BEGIN

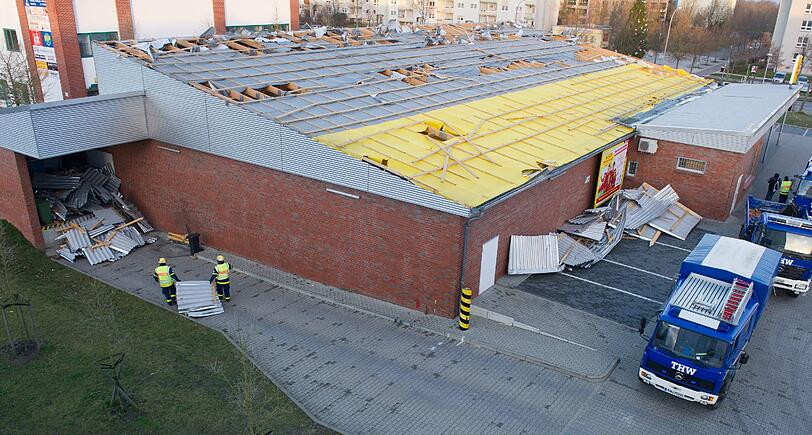 Das beschädigte Dach eines Supermarktes in Stralsund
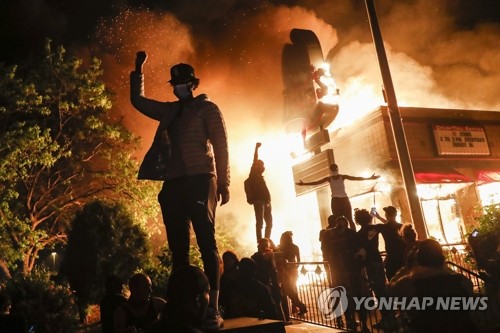 트럼프, 시위대에 "폭도·약탈자 용납못해"…군투입 초강경론(종합)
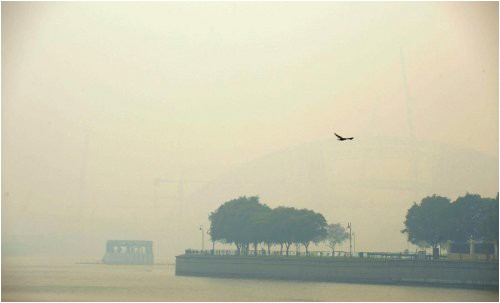 intensivnost-zadymleniya-atmosfery-v-singapure-ostalas-na-prezhnem-urovne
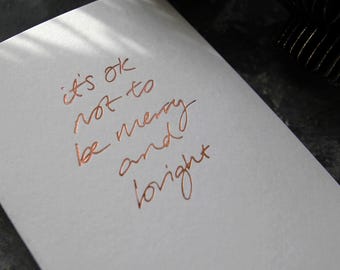 Está bien no ser feliz y alegre: tarjeta navideña de lujo estampada a mano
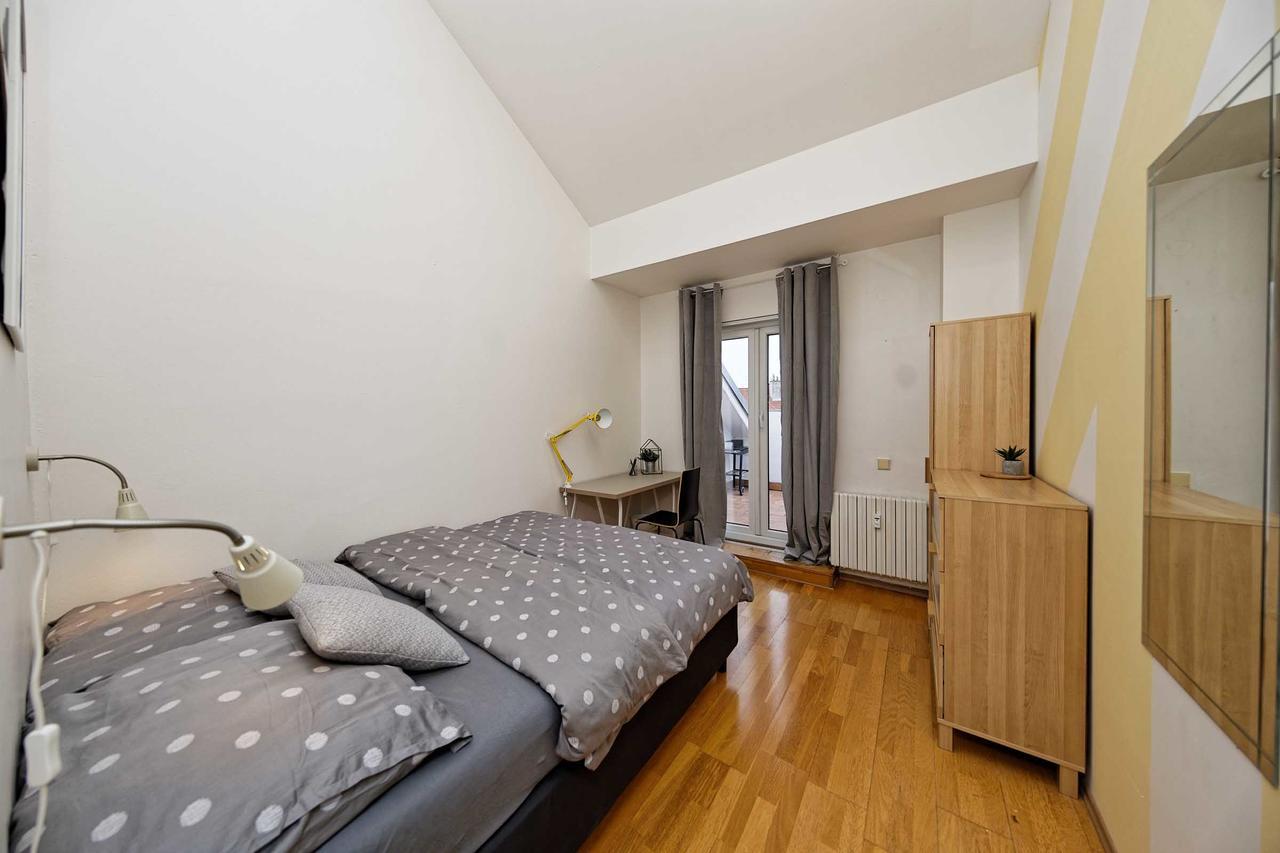 Apartment Na Kozacce 6 Praag Buitenkant foto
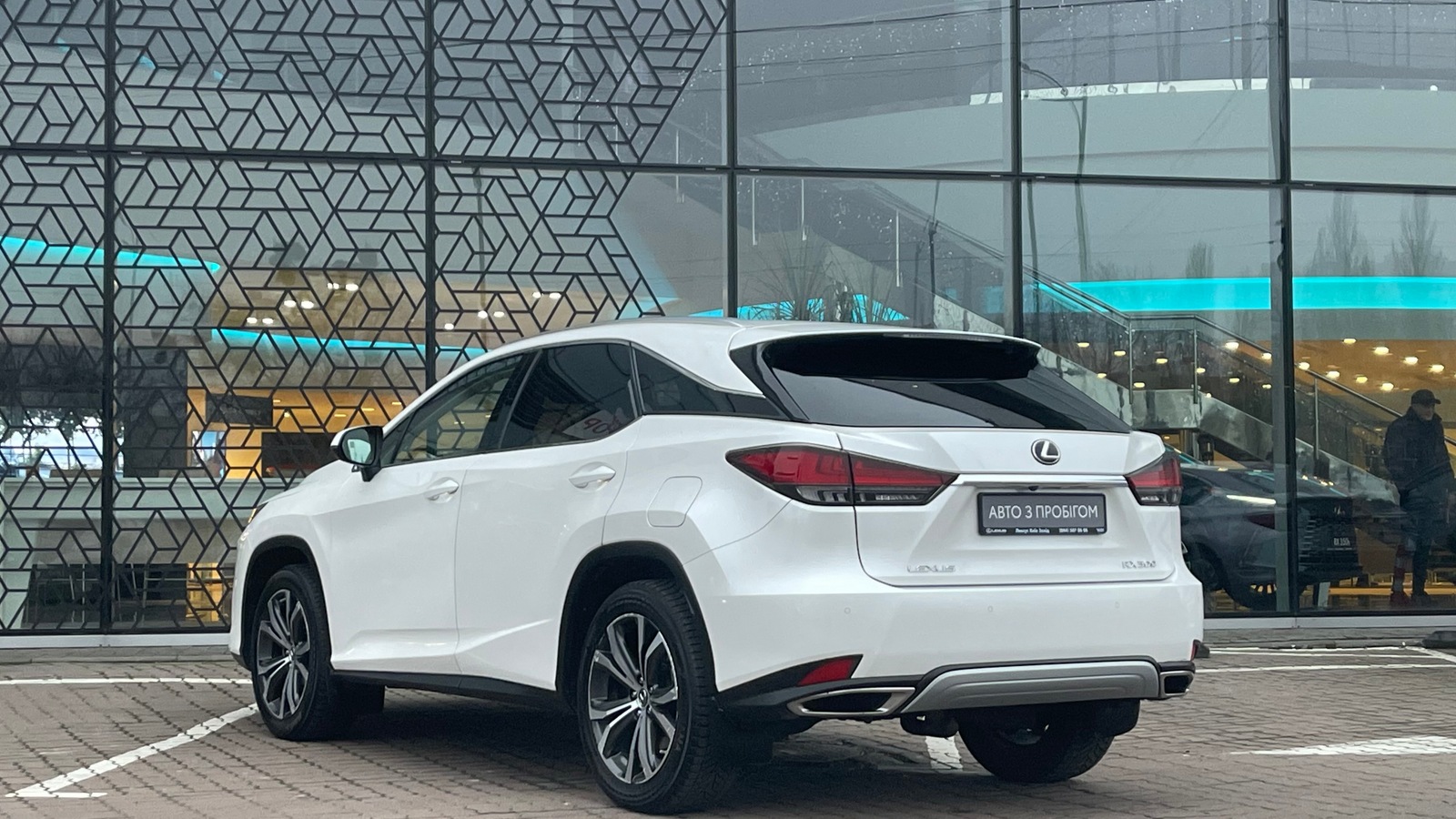 Lexus RX 2019 року з пробігом 73150 км, Універсал, Лексус Київ Захід, м.Київ - 1949000 ГРН | Фото № 2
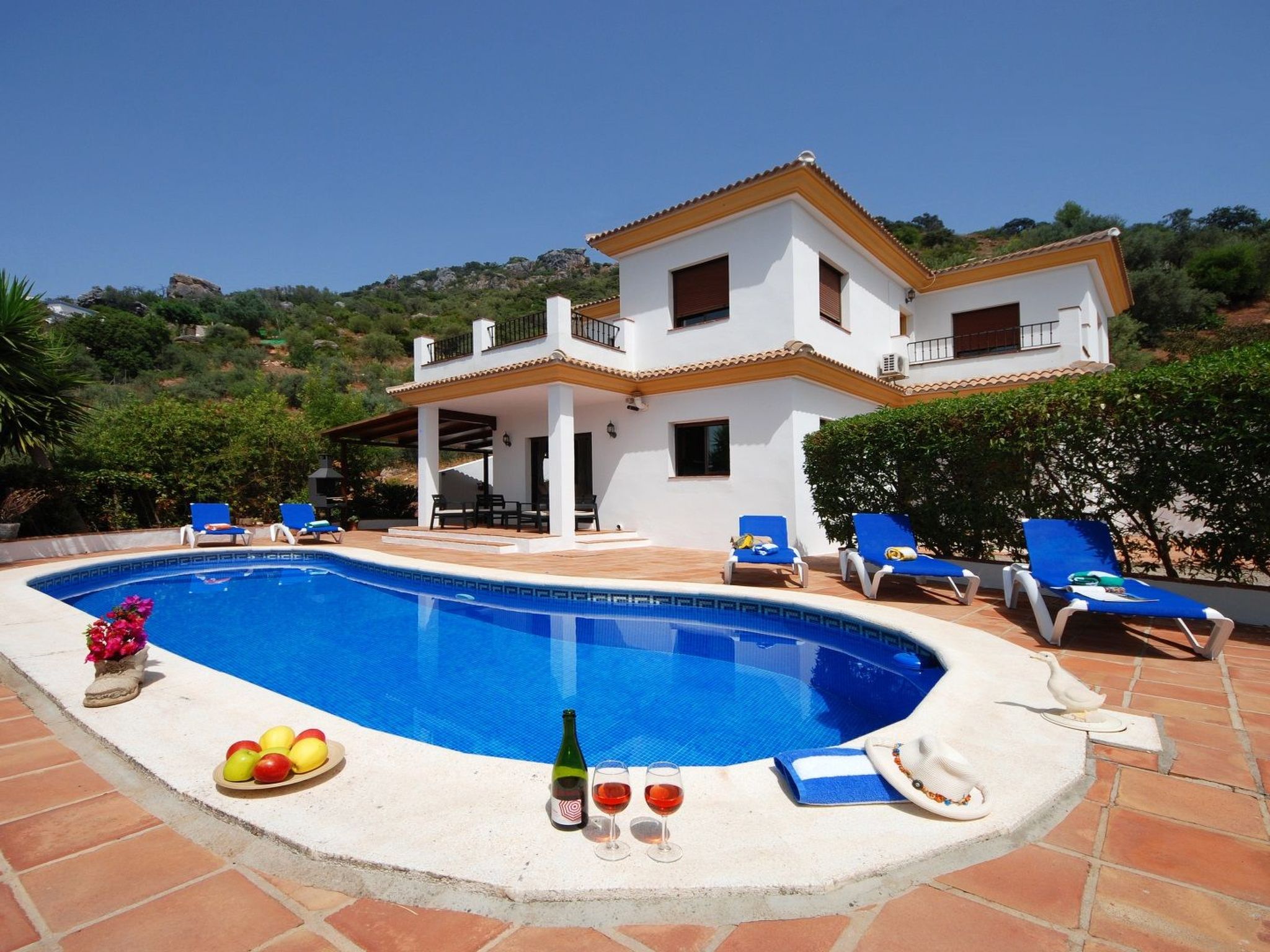 Villa Torcal 3, beheizter Pool, Wifi, Grill.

END

> [EXERCISE DESCRIPTION]: Your reply should repeat the entries above exactly, leaving the pictures out.

> [SOLUTION]:
 Das beschädigte Dach eines Supermarktes in Stralsund
 트럼프, 시위대에 "폭도·약탈자 용납못해"…군투입 초강경론(종합)
 intensivnost-zadymleniya-atmosfery-v-singapure-ostalas-na-prezhnem-urovne
 Está bien no ser feliz y alegre: tarjeta navideña de lujo estampada a mano
 Apartment Na Kozacce 6 Praag Buitenkant foto
 Lexus RX 2019 року з пробігом 73150 км, Універсал, Лексус Київ Захід, м.Київ - 1949000 ГРН | Фото № 2
 Villa Torcal 3, beheizter Pool, Wifi, Grill.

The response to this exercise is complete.